2024-08-10 15:44:14 +00:00
Then, in your project `.woodpecker.yml`, you can seemlessly use nix and enjoy efficient and quick caching:
```yml
steps:
- name: build
image: nixpkgs/nix:nixos-24.05
commands:
- nix build .#
```
## Limitations
Anyone having access to your CI will have a read access to your nix store.
People will also be able to store data in your `/nix/store`.
Finally, if I remember correctly, there are some attacks to alter the content of a derivation (such that a content in `/nix/store` is not the product of the hashed derivation). In other words, it's mainly a single-tenant solution.
So a great evolution would be a multi-tenant system, either by improving the nix-daemon isolation, or by running one nix-daemon per-project or per-user/per-organization. Today, none of these solutions is possible.

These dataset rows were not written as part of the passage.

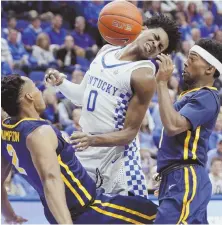  ?? AP PHOTO ?? LOOK OUT! Kentucky’s De’Aaron Fox (0), as well as Canisius’ Jermaine Crumpton and Malik Johnson, look to avoid the bouncing ball in yesterday’s game.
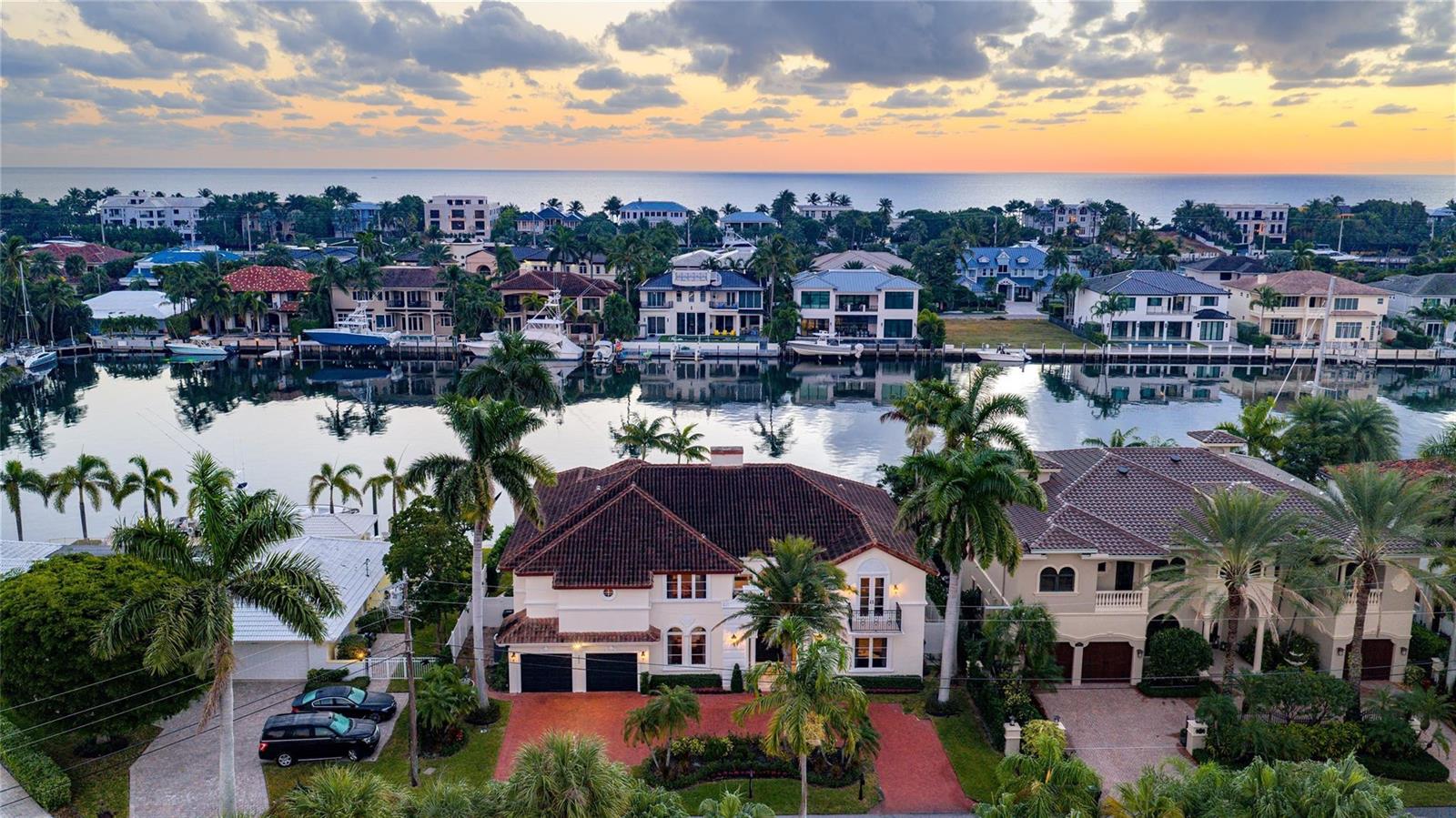 An aerial view of a waterfront mansion with a red tile roof and palm trees — 2833 NE 32nd Street, Lighthouse Point FL 33064, LIGHTHOUSE POINT, FL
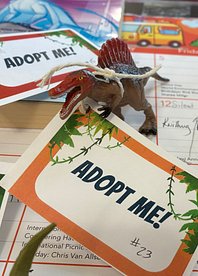 Toy Dinosaur with Adopt Me tag on a desktop calendar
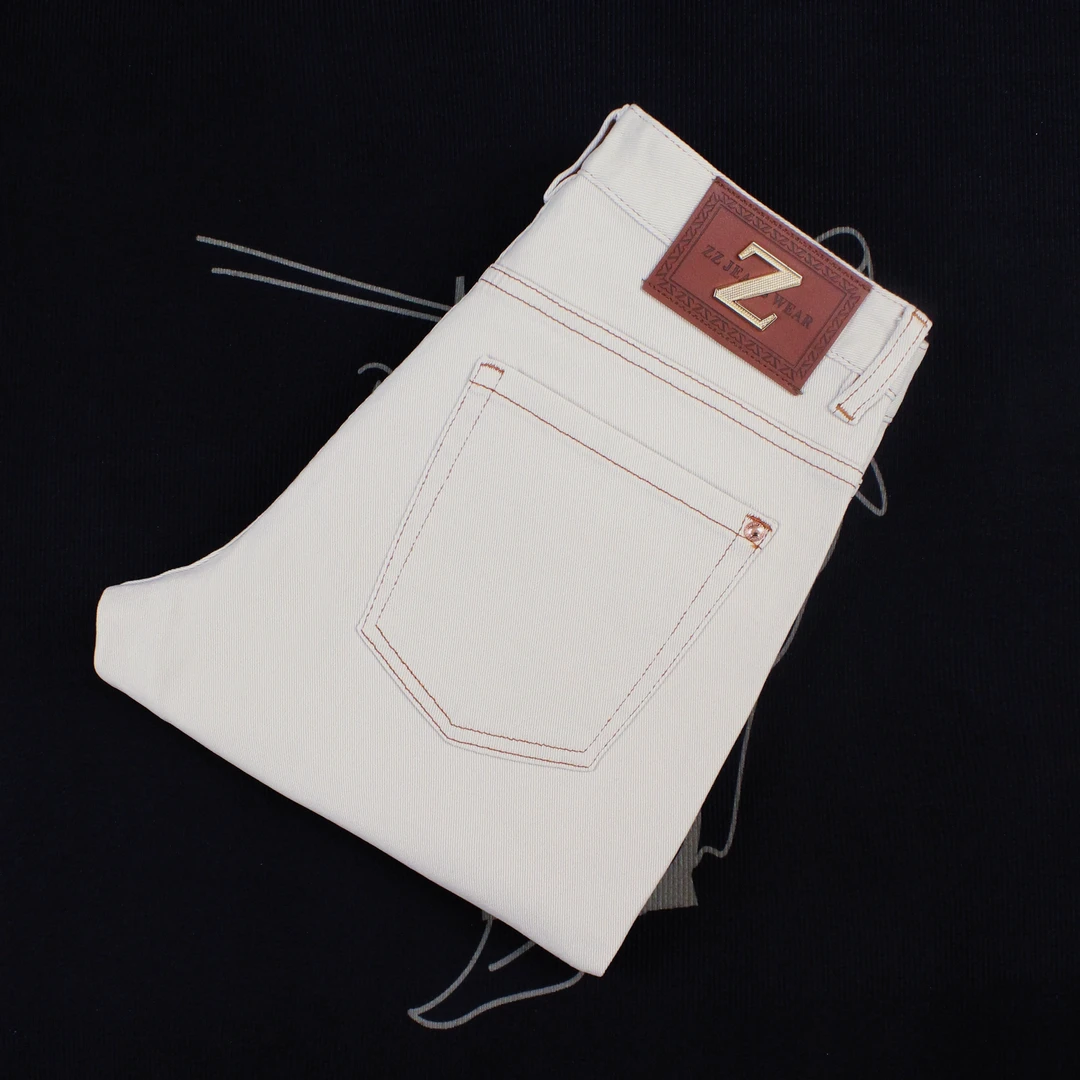 牛仔裤男2025新款修身小直脚弹力香槟杏色长裤春夏高奢欧货韩版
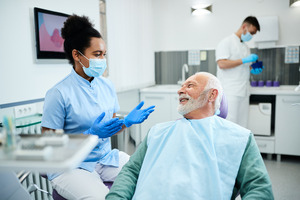 Patient talking to a dentist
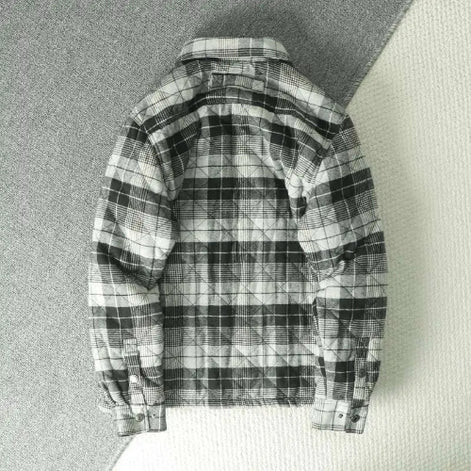 A black and white plaid flannel shirt jacket shown from the back, laid flat on a textured gray surface.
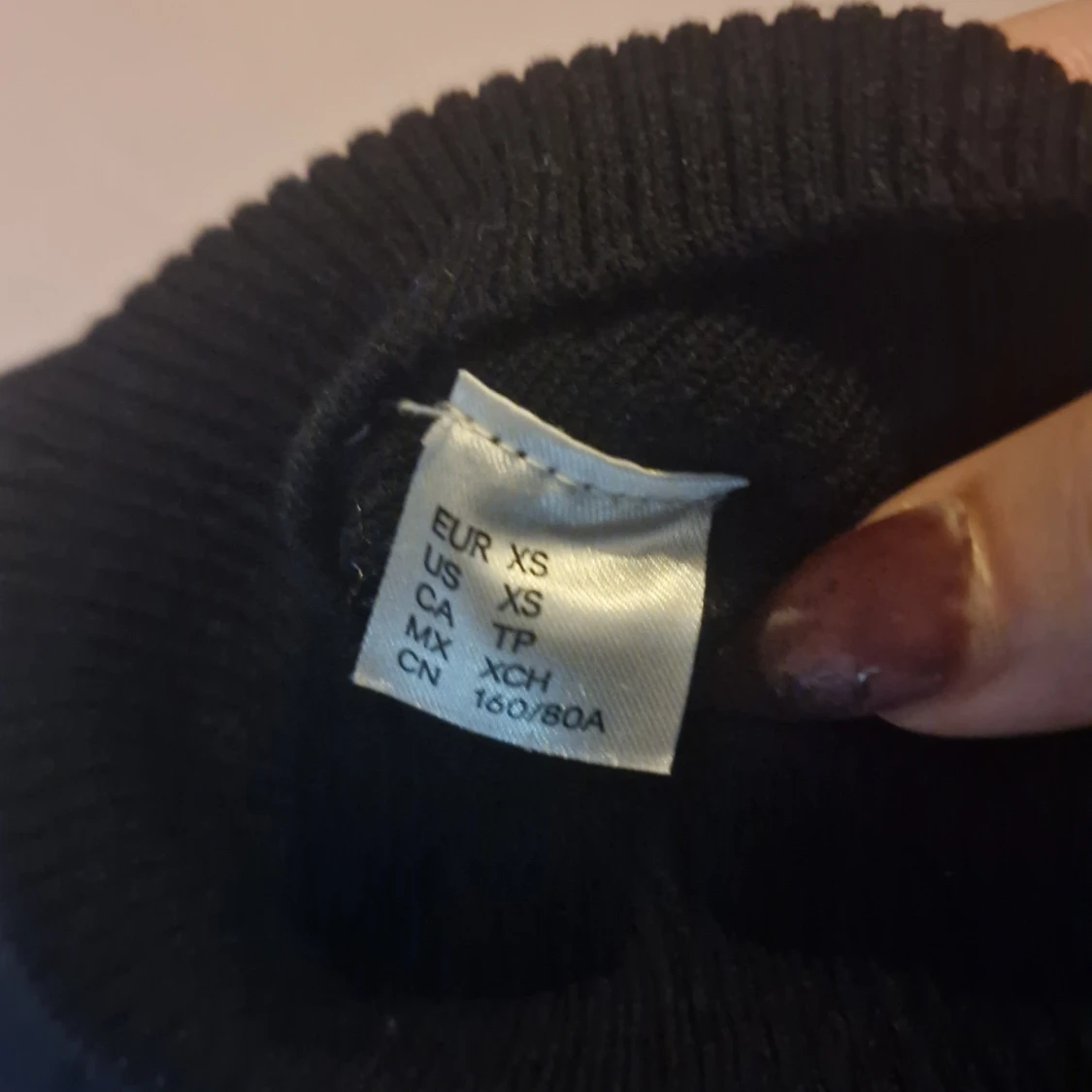 Svart polotröja i storlek XS - 90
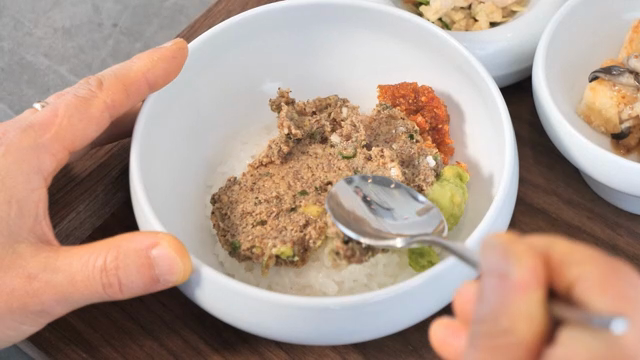 Mixing ingredients in a rice bowl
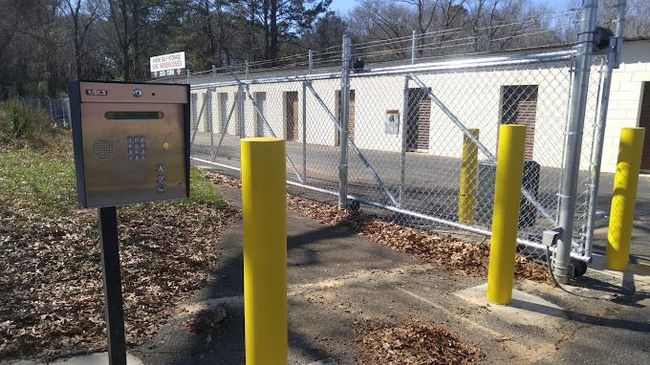 A fence with yellow poles and a mailbox in front of it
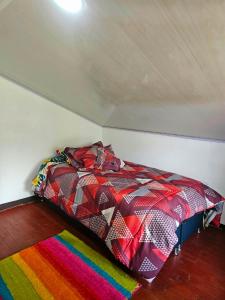 a bed with a colorful comforter in a room at Aguadulce Climbing House in Choachí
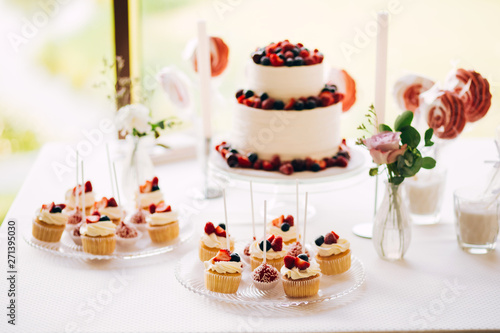 Beautiful cake covered with icing cream, summer berries on the top. Style and food photography
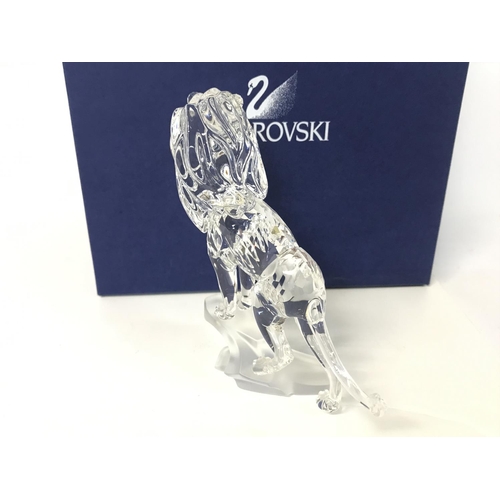 1217 - Boxed Swarovski lion standing on a rock, postage cat D no signs of obvious damage/ restoration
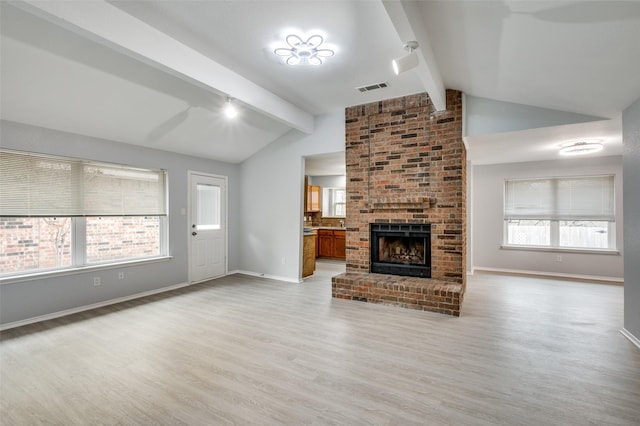 unfurnished living room featuring a fireplace, light wood-type flooring, and vaulted ceiling with beams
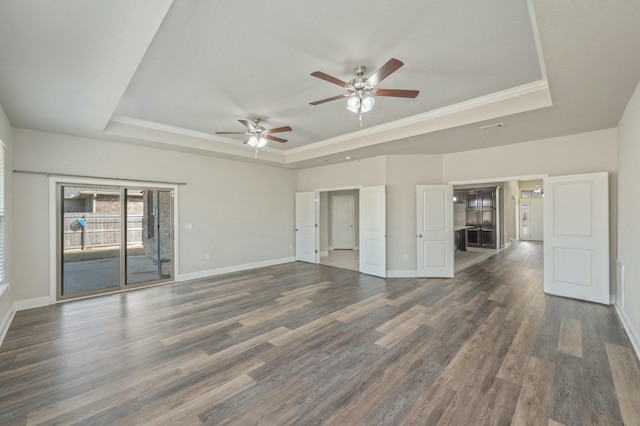 unfurnished living room with a raised ceiling, crown molding, dark hardwood / wood-style floors, and ceiling fan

Another limitation is garbage collection: if the nix-daemon can do some garbage collection, none of its policy is interesting for a CI. Mainly, if you activate it, it will ditch everything as it is connected to "no root path" from its point of view. A LRU cache policy would be a great addition. At least, you can manually trigger a garbage collection once your disk is full...
---
[^1]: [How long should your CI take](https://graphite.dev/blog/how-long-should-ci-take). *Various industry resources suggest an ideal CI time of around 10 minutes for completing a full build, test, and analysis cycle. As Kent Beck, author of Extreme Programming, said, “A build that takes longer than ten minutes will be used much less often, missing the opportunity for feedback. A shorter build doesnt give you time to drink your coffee.”*
[^2]: [Measure and Improve Your CI Speed with Semaphore](https://semaphoreci.com/blog/2017/03/16/measure-and-improve-your-ci-speed.html). *Were convinced that having a build slower than 10 minutes is not proper continuous integration. When a build takes longer than 10 minutes, we waste too much precious time and energy waiting, or context switching back and forth. We merge rarely, making every deploy more risky. Refactoring is hard to do well.*
[^3]: [Continuous Integration Certification](https://martinfowler.com/bliki/ContinuousIntegrationCertification.html). *Finally he asks if, when the build fails, its usually back to green within ten minutes. With that last question only a few hands remain. Those are the people who pass his certification test.*
[^4]: [Rust CI Cache](https://blog.arriven.wtf/posts/rust-ci-cache/). *We can cache the build artifacts by caching the target directory of our workspace.*
[^5]: [My ideal Rust workflow](https://fasterthanli.me/articles/my-ideal-rust-workflow). *The basic idea behind sccache, at least in the way I have it set up, it's that it's invoked instead of rustc, and takes all the inputs (including compilation flags, certain environment variables, source files, etc.) and generates a hash. Then it just uses that hash as a cache key, using in this case an S3 bucket in us-east-1 as storage.*
[^6]: I [tried writing a CI](https://git.deuxfleurs.fr/Deuxfleurs/albatros/src/commit/373c1f8d76b11a5638b2a4aa753417c67f0c2e13/hcl/nixcache/builder.hcl) on top of Nomad that would wrap a dockerized NixOS, and also deployed [a Woodpecker/Drone CI NixOS runner](https://git.deuxfleurs.fr/Deuxfleurs/nixcfg/src/commit/ca01149e165b3ad1c9549735caa658efda380cd3/cluster/prod/app/woodpecker-ci/integration/docker-compose.yml).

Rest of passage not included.